Bonnie Tsui is a contributing writer to CityLab. She writes frequently for The New York Times and is the author of American Chinatown: A People's History of Five Neighborhoods.
The U.S. mountain lion population is on the rise for the first time in a century. And more are finding their way into populated areas.
The cougar (the cat, that is) is now the most common apex predator in a third of the U.S.'s lower 48 states. And California now houses more of the animals than any other state.
Reversing a century of decline, America's cougar population — a.k.a. the mountain lion, puma, or panther — is on the rise, with 200 sightings in the Midwest alone since 1990, evidence they are recolonizing and expanding into their historical range. Cougars have lately been spotted all around Los Angeles, with one male actually living in Griffith Park. (Check out this National Geographic video of what it was like for photographer Steve Winter to capture an image of P-22, a specimen tracked by the National Park Service, for the magazine's December issue). Over the last few years, reports have poured in across the U.S., from the Bay Area, the Dakotas, and the Midwest to Washington, D.C., and Milford, Connecticut, where a 140-pound male was hit by an SUV on the Wilbur Cross Parkway in 2011.
How did the cougar comeback happen? By the early 1900s, the animals that had survived hunters, trappers, and U.S. government policy to eradicate predators had been pushed largely to the West's mountainous wildlands. But due to federal regulations that were put in place in the 1970s to manage hunting and prohibit poisoning, cougars now have a confirmed presence in many populated regions, including L.A., the second-largest urban area in the U.S. (a series of fatal and nonfatal attacks in California have only made things more complicated for human-cougar relations).

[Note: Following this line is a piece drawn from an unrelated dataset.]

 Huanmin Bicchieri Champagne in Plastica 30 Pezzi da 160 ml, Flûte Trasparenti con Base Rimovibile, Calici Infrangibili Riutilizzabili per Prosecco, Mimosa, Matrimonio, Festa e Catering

Cougars have attacked humans fewer than 150 times in the U.S. and Canada over the past 120 years, writes Douglas Chadwick in National Geographic. But the more telling statistic, he says, is that "at least a third of the verified cougar attacks have taken place over the past two decades."

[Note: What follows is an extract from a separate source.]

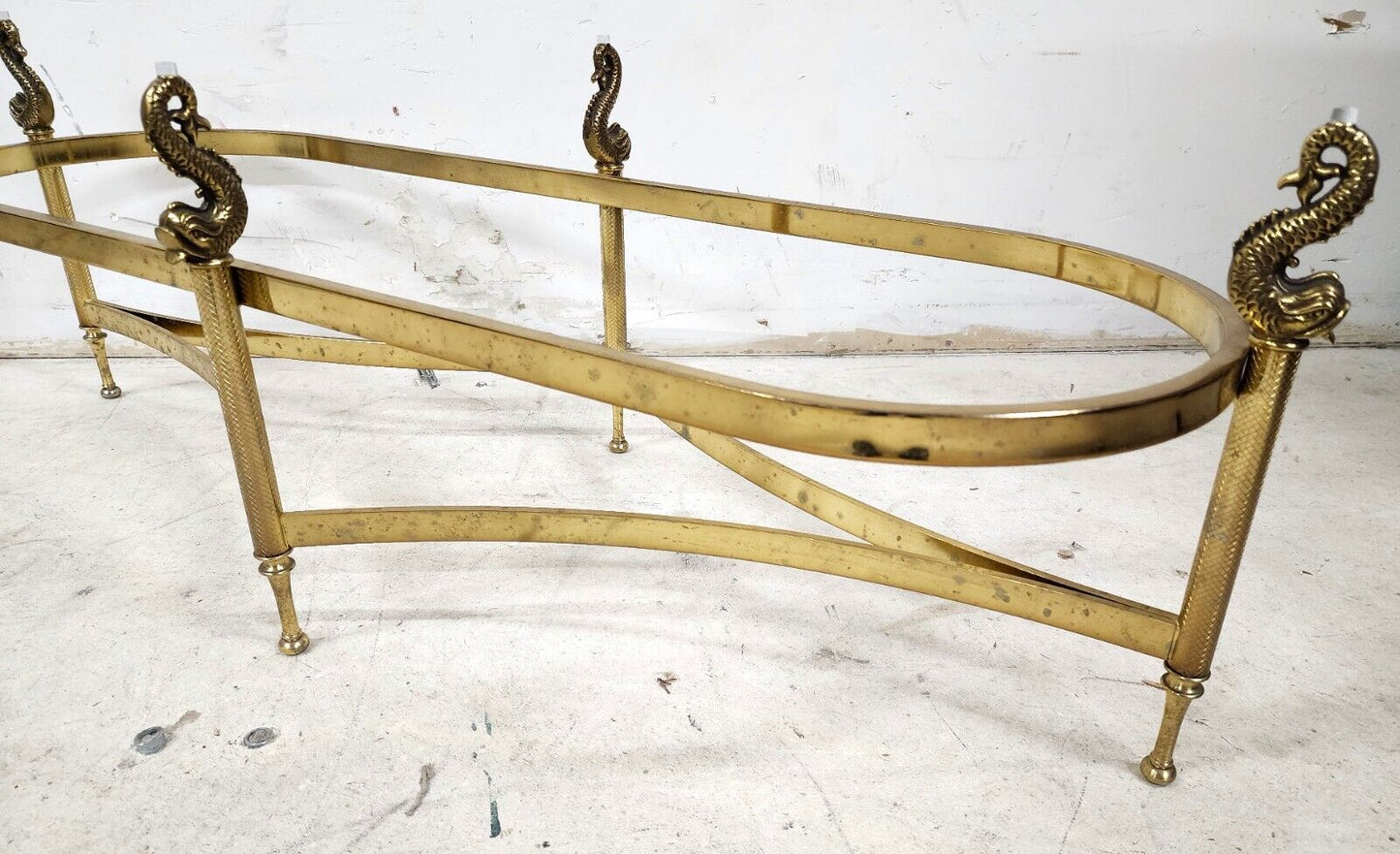 Italian Brass Coffee Table with Dolphins Supporting Glass Top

According to Chadwick, it's a simple equation: "More cougars plus more people in the countryside add up to more potential for conflict." As our urban areas continue to expand outward, growing numbers of cougars approach populated areas, the two are meeting with more frequency. It's a signal moment, because right now cougar policy is quite literally all over the map: you can shoot them in Texas (they're classified as "varmints") though not in California. But wildlife biologists are starting to agree on policy recently implemented by Washington State, which matches hunting caps to the cougar's natural rate of increase. Hunting cougars to excess, it turns out, may encourage survivors to roam outside their habitat ... and closer to ours.